# What color is my GSD?



## ClemsonGirly94 (Feb 4, 2016)

He was sold to me as a black and tan. His dam was bicolor and his sire was white.
He kind of looks sable to me? He just turned 6 months old yesterday so I'm sure his colors are still changing but he doesn't look like a true black and tan to me.

**I apologize to anyone who is squeamish over raw meat diets.**


----------



## lexiz (Apr 4, 2015)

To me, he looks like a Black and Tan blanket. Mine looks very similar.


----------



## ClemsonGirly94 (Feb 4, 2016)

I'll get a picture if I can but on the black blanket on his back, the bottom half of all his hair is as tan as his legs but then the top half of the hair is black.
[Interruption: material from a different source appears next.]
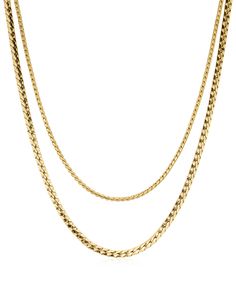 Set of two connected layered chains Top chain is 2mm wide + 16” long Bottom chain is 3mm wide + 18” long Made from Brass Plated Gold and Silver 100% nickel-free and cadmium-free 1 year warranty Packaged in Luv Aj branded gift boxes Double Strand Box Chain Necklace For Gift, Double Strand Box Chain Necklace For Gift Giving, Gift Double Strand Box Chain Necklace, Fine Studs, Personalised Jewellery Necklaces, Luv Aj, Chain Top, Instagram Gift, Solitaire Studs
Is that normal for a standard ol' black and tan? That's what made me think sable possibly. I ask because my mom's black and tan is not like that. The black on his back is pure black, not half/half like mine.


----------



## Castlemaid (Jun 29, 2006)

He looks like a patterned sable to me. The sire is probably a sable with the white masking Gene.


----------



## ClemsonGirly94 (Feb 4, 2016)

A little bit better view


----------



## Castlemaid (Jun 29, 2006)

Yup, still sticking Sable - after another look, he might be just a regular sable, not a patterned sable as I originally said.


----------



## the401killer (Dec 10, 2012)

Defiantly a pattern sable. My dogs dam was a pattern sable but she wasn't as dark as yours.


----------